***** MATERIAL PROVIDED *****

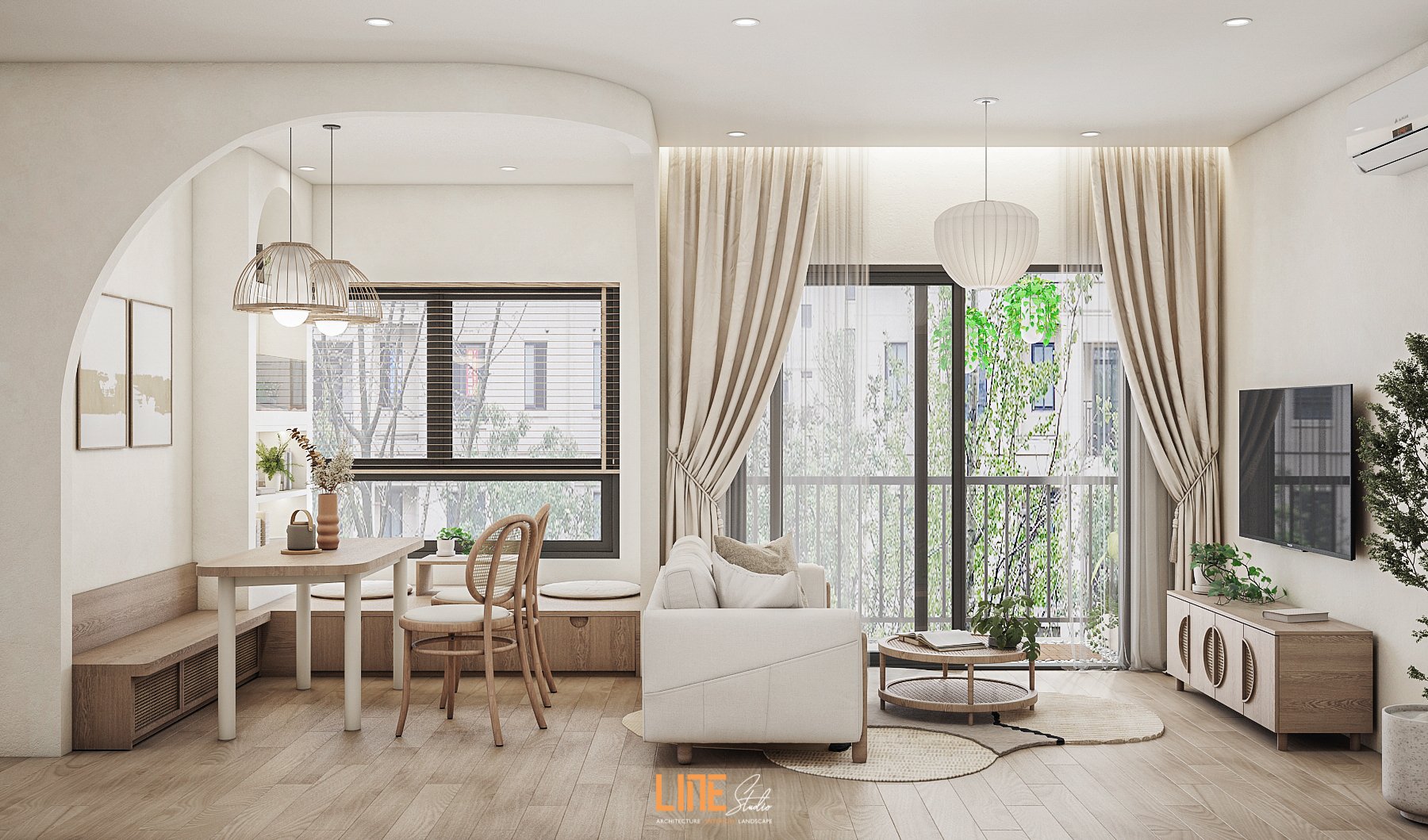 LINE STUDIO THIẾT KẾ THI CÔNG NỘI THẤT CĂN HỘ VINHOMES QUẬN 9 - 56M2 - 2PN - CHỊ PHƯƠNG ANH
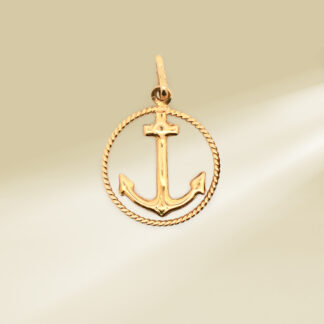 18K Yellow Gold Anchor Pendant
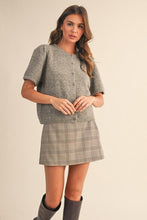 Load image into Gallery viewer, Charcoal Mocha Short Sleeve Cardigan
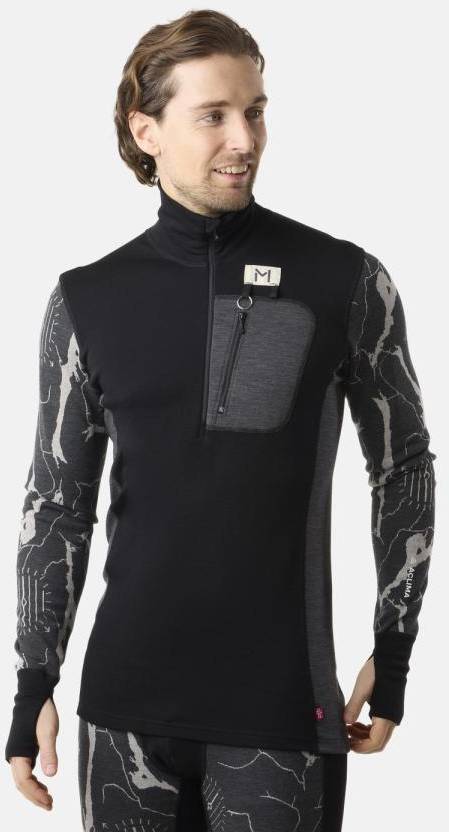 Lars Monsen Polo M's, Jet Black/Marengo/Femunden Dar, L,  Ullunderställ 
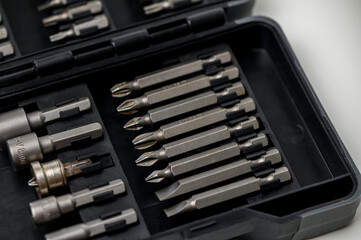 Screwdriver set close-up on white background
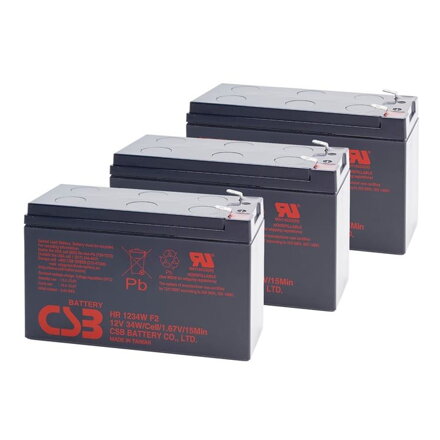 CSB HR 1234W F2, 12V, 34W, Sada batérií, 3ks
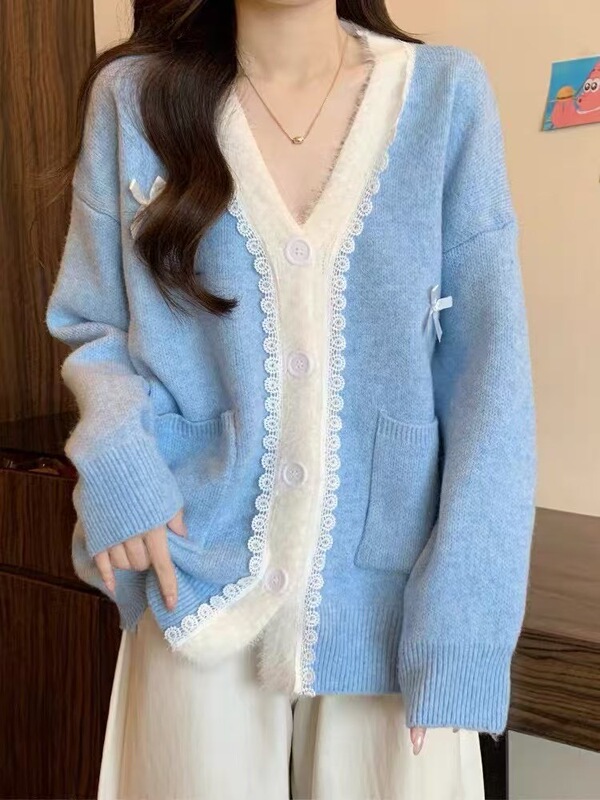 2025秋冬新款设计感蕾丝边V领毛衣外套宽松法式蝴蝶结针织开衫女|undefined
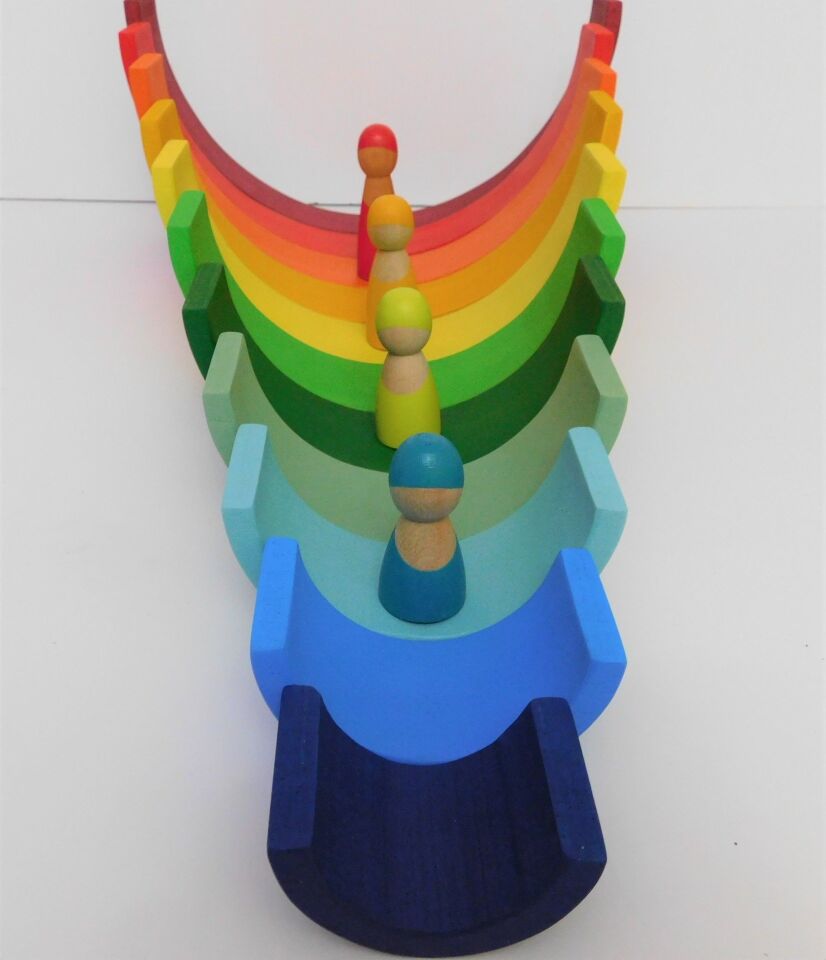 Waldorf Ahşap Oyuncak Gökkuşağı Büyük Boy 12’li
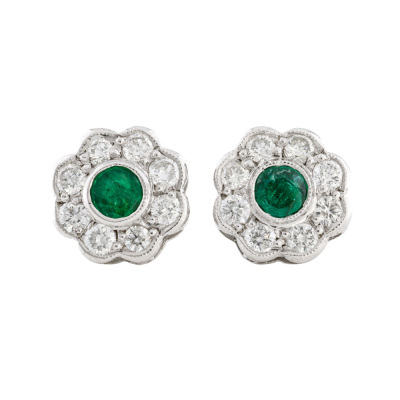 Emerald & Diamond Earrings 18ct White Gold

*****
***** MATERIAL PROVIDED *****

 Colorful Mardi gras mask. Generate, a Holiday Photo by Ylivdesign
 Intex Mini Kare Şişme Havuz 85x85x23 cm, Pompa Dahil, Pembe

*****

Restate word for word the lines of the data above that begin at the line with "Waldorf Ahşap Oyuncak" and end at the line with "Emerald & Diamond Earrings 18ct White Gold", keeping both ends and dropping every picture.

▶ **OUTPUT FOR THIS TASK**
 Waldorf Ahşap Oyuncak Gökkuşağı Büyük Boy 12’li
 Emerald & Diamond Earrings 18ct White Gold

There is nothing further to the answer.